All errors follow a consistent structure:

{
  "error": {
    "code": "AP700",
    "message": "Missing required Parameter: 'merchantId'",
    "help": "Contact [email protected] for help."
  }
}

Common error codes:

• missing_required_pii: Required user PII not provided for rtp=true.
• eligibility_failed: Routing number not RFP-enabled or offline.
• feature_disabled: Instant Pay In not enabled for this merchant.
• invalid_request: Schema or type errors.
• provider_error: Upstream provider returned an error; check details.

6. UX & User Engagement

Because the RfP flow requires the user to authorize the payment in their banking app, it is important to ensure proper messaging and notifications to keep the user engaged throughout the journey.

Pending RfP CTA

In order to ensure the user takes action on a pending RfP transaction, once you receive the transaction_rfp_initiated webhook topic, your UI should display a call to action that the user needs to complete the payment authorization before proceeding. Your application should disallow other actions until the payment is authorized.

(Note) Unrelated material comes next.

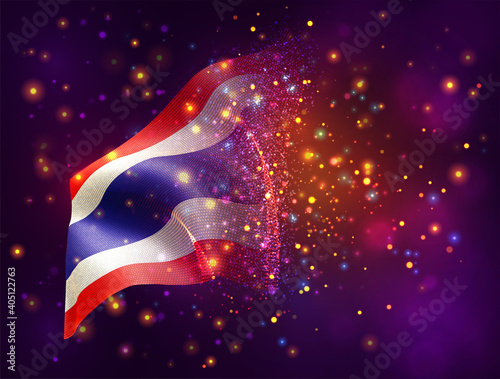 vector 3d flag on pink purple background with lighting and flares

Below is an example of what your UI can display.

Re-engagement CTA

In order to re-engage the user after an RfP transaction has been completed, you should send a notification to the user upon receiving the transaction_completed webhook in order to prompt the user to come back to your application.

This notification can be in the form of native push notification, SMS, or email.

7. Best practices

• Backend

  • Include rtp flag when creating transactions via POST /transactions.
  • Store and handle webhook events for transaction and payment lifecycles.
  • Ensure idempotency for both transaction creation and webhook handling.
  • Store user information during KYC process to ensure necessary PII can be passed via API without adding friction to UX.

• Frontend / Product

  • Clearly communicate when a payment is instant and irrevocable.
  • Send push notifications based on webhook events to help users return to originating app.

• Monitoring

  • Track rates for:
    • Eligibility (RFP available vs fallback to ACH).
    • RFP delivery success.
    • User approvals vs rejections vs expirations.
    • RTP payout success vs failures.